The 28-year-old is starting a center in Berlin to fight anti-Semitism and anti-Zionism, and she spent much of her five-year term as a member of the European Union Parliament trying to get the organization to reconsider its financial support of the Palestinian Authority.
Last month, a German court finally took a tiny step towards cracking down on honor killings, by imposing a pathetic 9 year sentence on a Turkish man who murdered his sister in cold blood for living the life of a free Western woman.
I'd managed to miss an incredibly moving Wall Street Opinion Journal story about a Silver Star recipient whose life took him from Pol Pot's killing fields to Afghanistan. Thankfully, a friend didn't miss it, and sent it to me, so I can now offer it to you.
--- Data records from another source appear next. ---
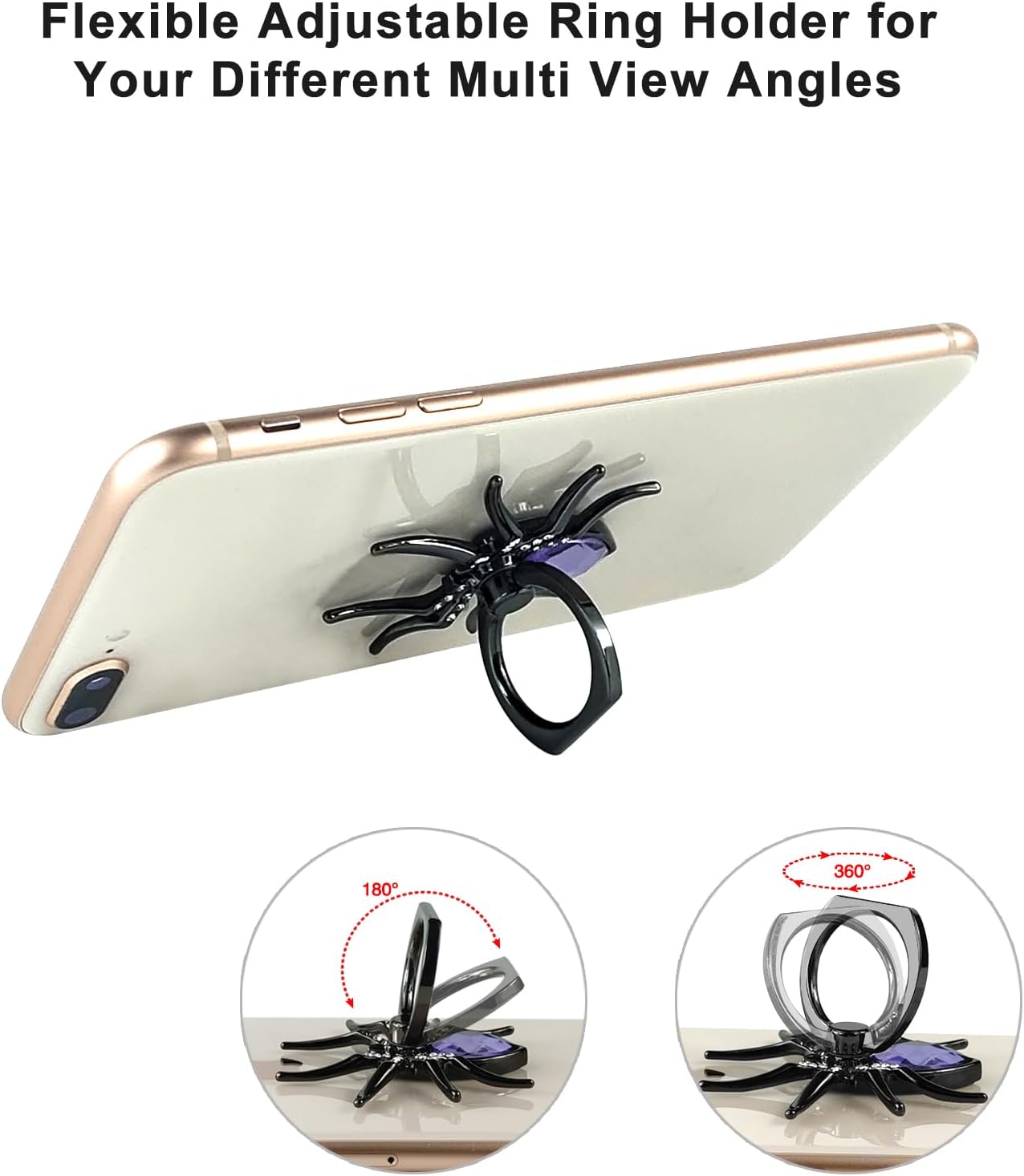 Aircawin 2pcs 4pcs Spider Cell Phone Finger Holder Stand,Cute Cool Phone Ring Holder Stand Animal Phone Grip Kickstand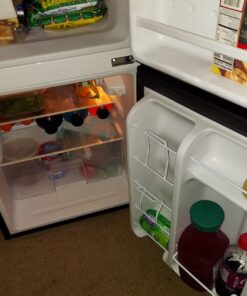 Midea WHD-113FB1 Double Door Mini Fridge with Freezer for Bedroom Office or Dorm with Adjustable Remove Glass Shelves Compact Refrigerator, 3.1 cu ft, Black 57 710sz9NoTL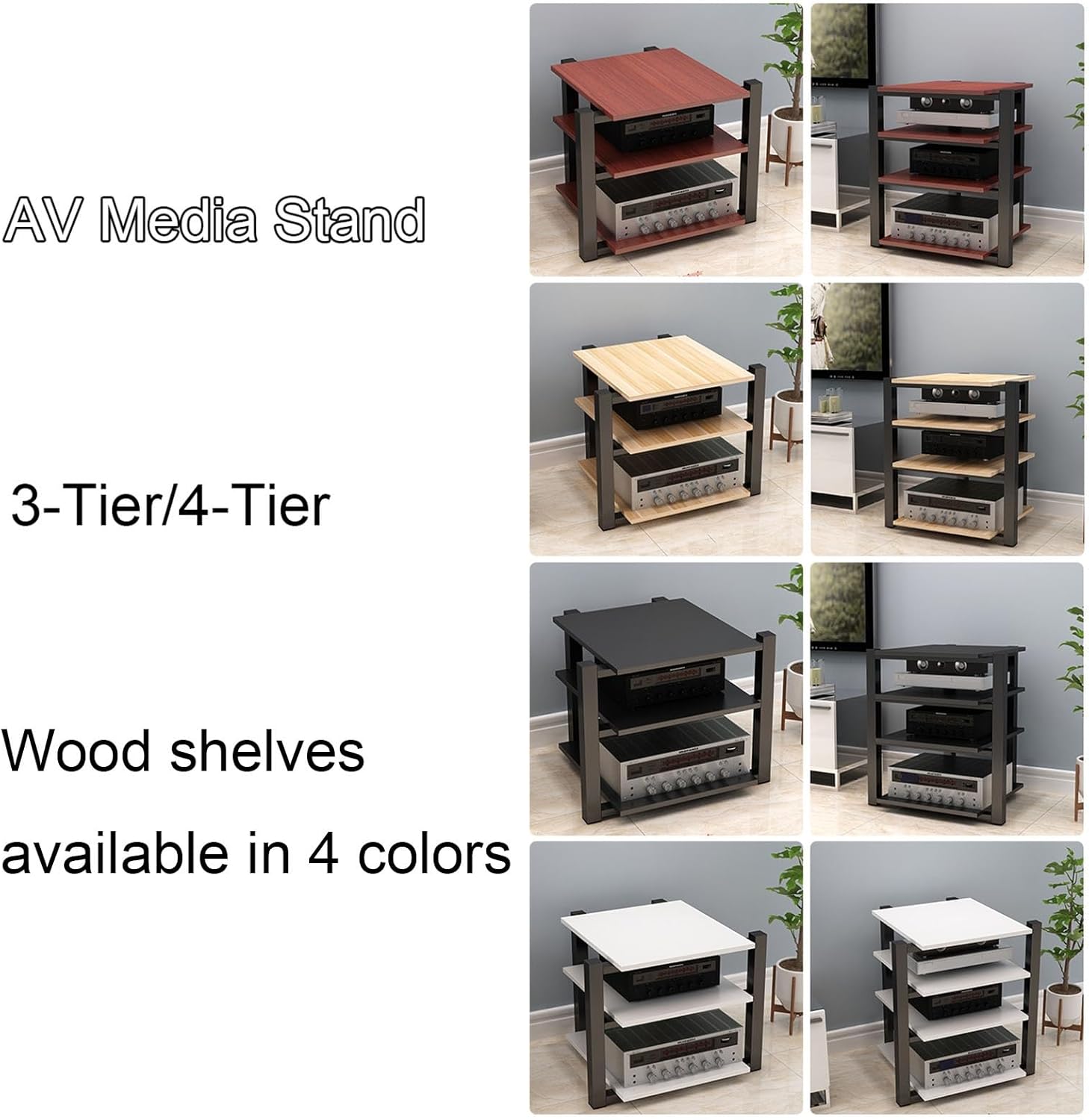 DLYZAYE 3/4-Tier Media Stand Modern AV Component Cabinet CD Player Stand Corner Audio Rack Tower Wooden Stereo Equipment Storage Cabinet for Home/Office/Theater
A writer named Spengler thinks I'm off base when I say that, whatever J.K. Rowling's motives, the Harry Potter books support conservative thought in fighting the war the jihadists are waging against us. Rather than my optimistic view, he sees Harry Potter as a symbol of the West's decline. Why? Because he thinks Rowling's books enshrine complacency. Harry Potter is a fully formed hero from the git-go, and does not make the spiritual journey that marks the characters in great literature (Spengler cites to Jane Austen's Elizabeth Bennett; Dickens' Pip; and Cervante's Don Quixote, among others). I think that Spengler is, perhaps, confusing two ideas. Yes, great literature is about personal growth, and I'm all for it. (Even outside of literature, my favorite movie is Groundhog Day, which is all about the character's development from zero to hero.) This literary genre is infinitely satisfying because the character around whom the story is centered grows and changes. The Harry Potter books are bigger than that. As I see them, they show a society growing and changing as it faces an increasing external threat. There is also nothing wrong, historically, with hero literature that is meant to inspire bravery to defend societal norms, rather than to ensure personal maturation. But that's just my view, and Spengler writes a good article.
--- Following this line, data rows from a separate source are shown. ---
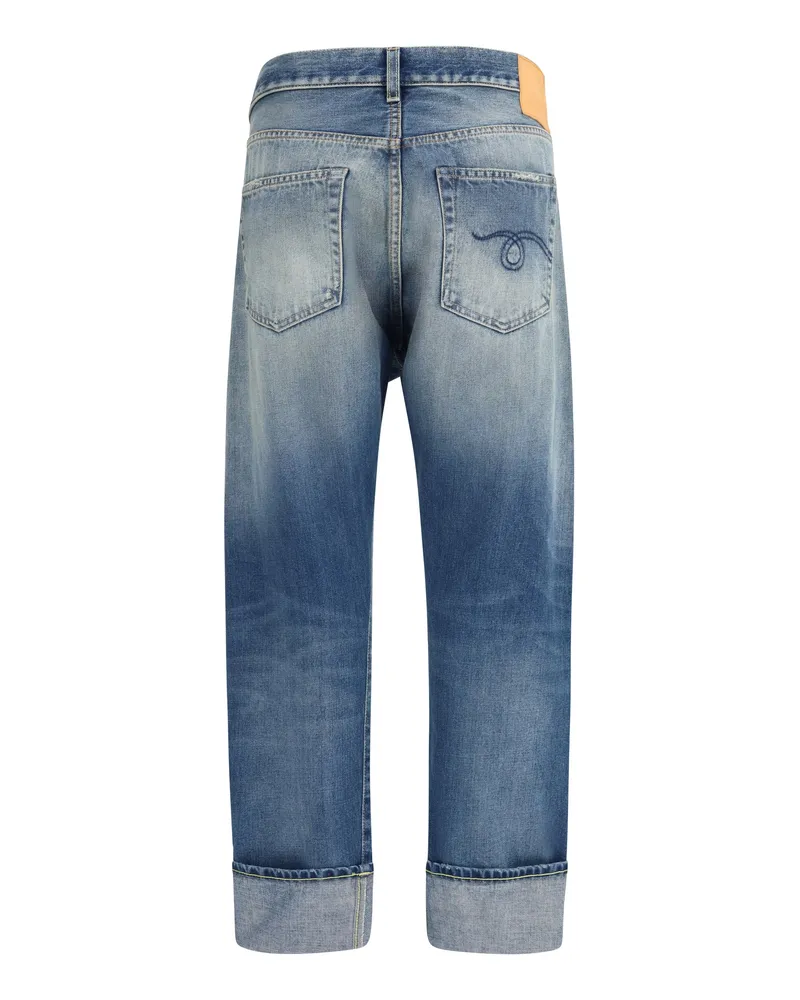 R13 Women's Straight-Leg Jeans Abyss Selvedge Blue Cotton Blue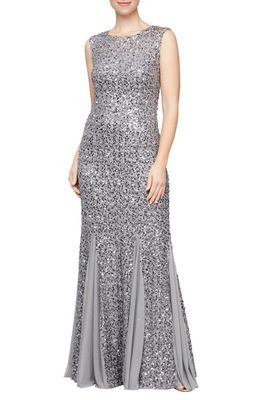 Alex Evenings Sequin Chiffon Godet Trumpet Gown in Pewter Frost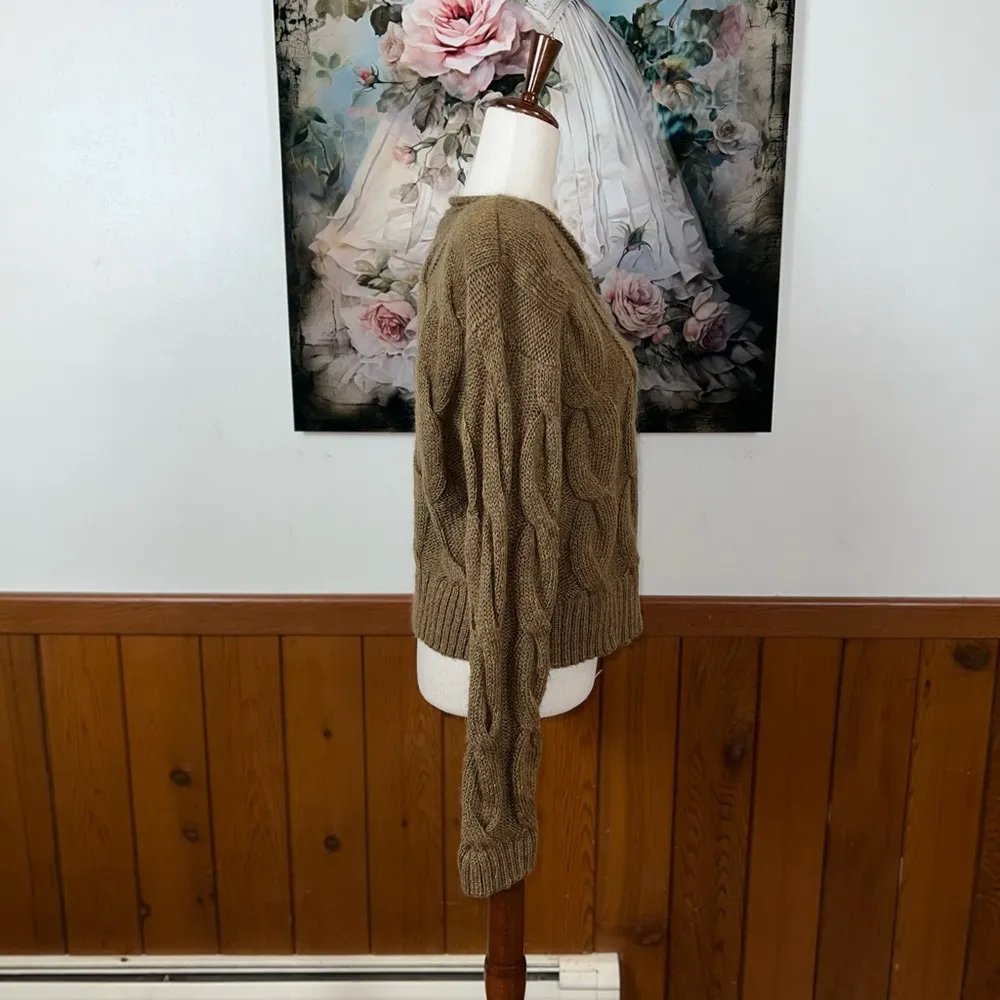 Adorable Vintage 1980s LizWear Mohair Cable Knit Sweater! Brown Size M - Image 4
Did you know that Dubai is planning a playland for the rich, rich, rich, in the form of personal Islands named after the countries in the world? Interestingly (and, of course, unsurprisingly, given the project's origins), Israel is not one of the countries of the world. It's existence seem to have been magically absorbed into Jordan and Lebanon.
Thanks again to all of you who send me a wide variety of eye-opening and thought-provoking materials. I do read them all. I'm just very, very slow.